▶ _RAW DATA_:
=-=-=
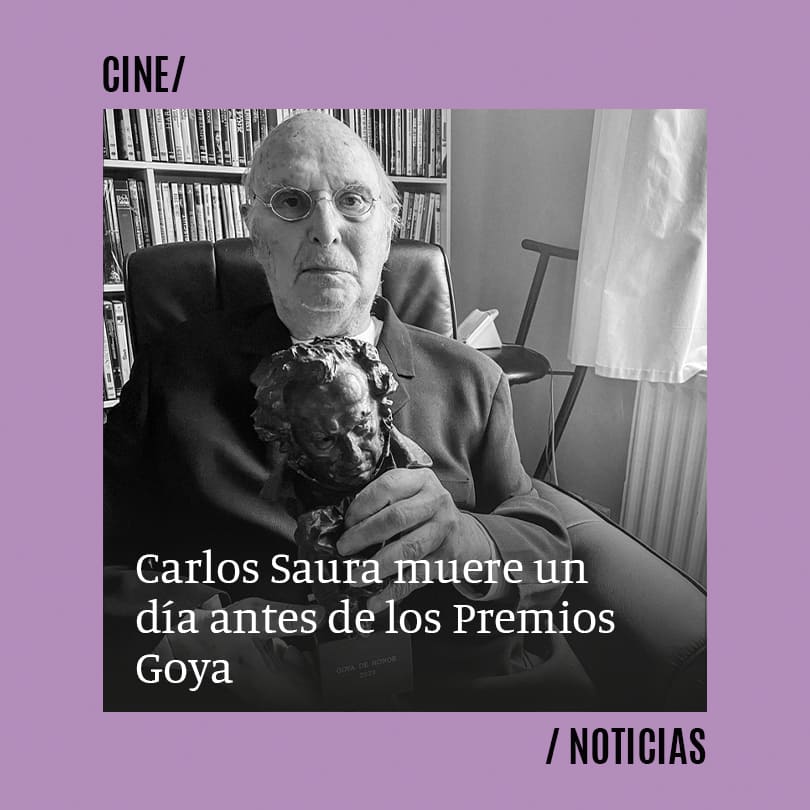 Carlos Saura muere un día antes de los Premios Goya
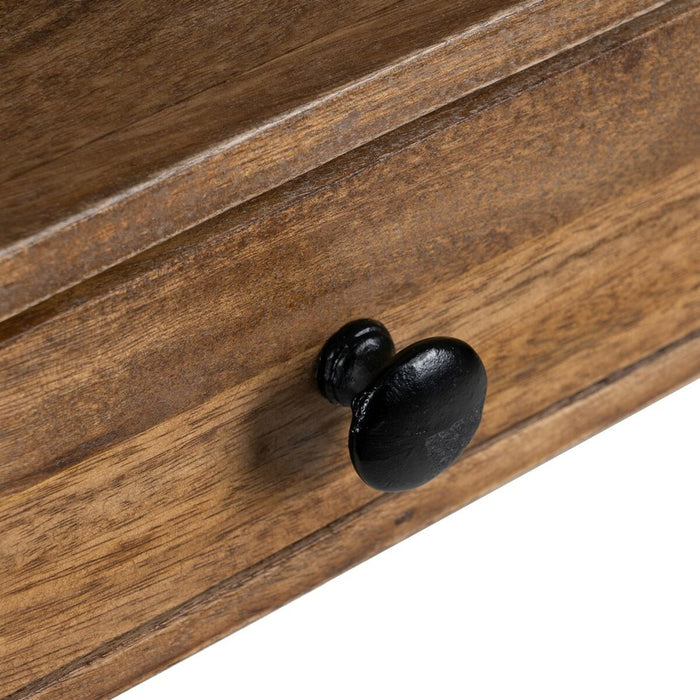 Consolă LIVU Negru Natural Fier Lemn de mango 117 x 36,5 x 75 cm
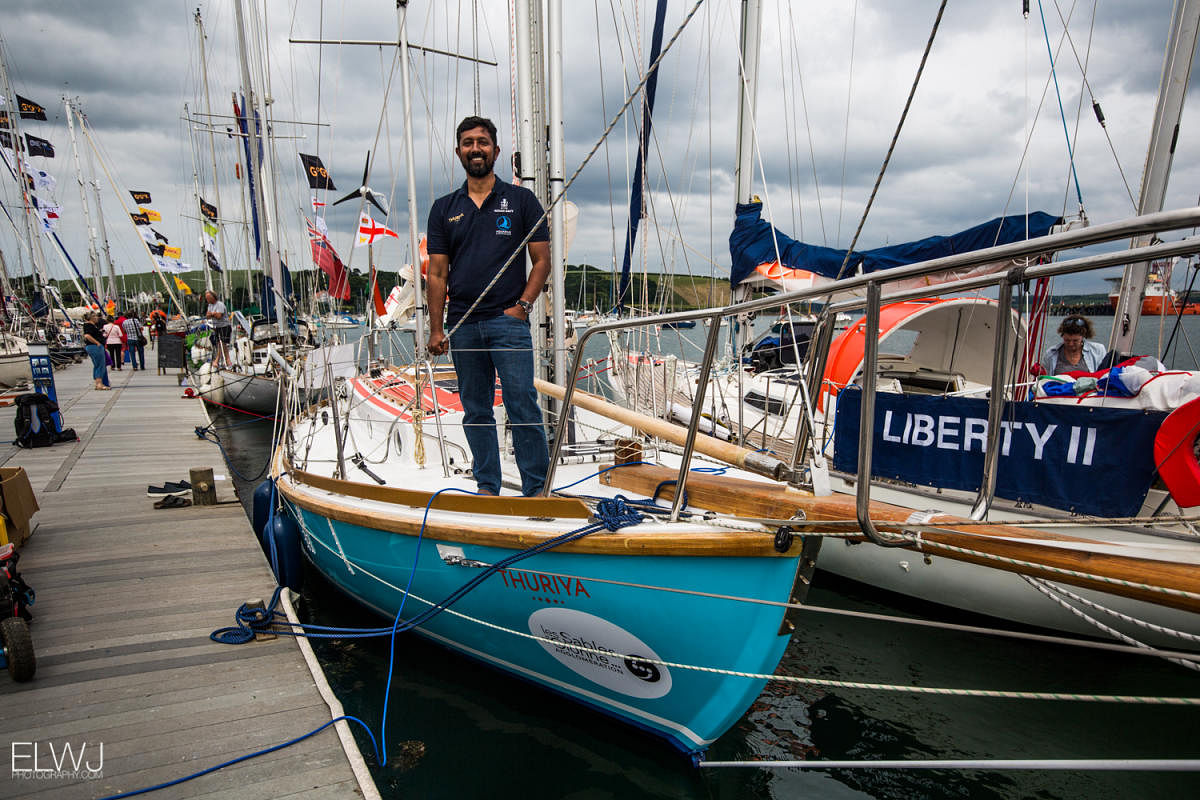 Navyman gets ready for second circumnavigation of globe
=-=-=
▶ _EXERCISE PROMPT_:
Pictures aside, reproduce all of the material above without alteration.

▶ _RESPONSE TO THIS EXERCISE_:
 Carlos Saura muere un día antes de los Premios Goya
 Consolă LIVU Negru Natural Fier Lemn de mango 117 x 36,5 x 75 cm
 Navyman gets ready for second circumnavigation of globe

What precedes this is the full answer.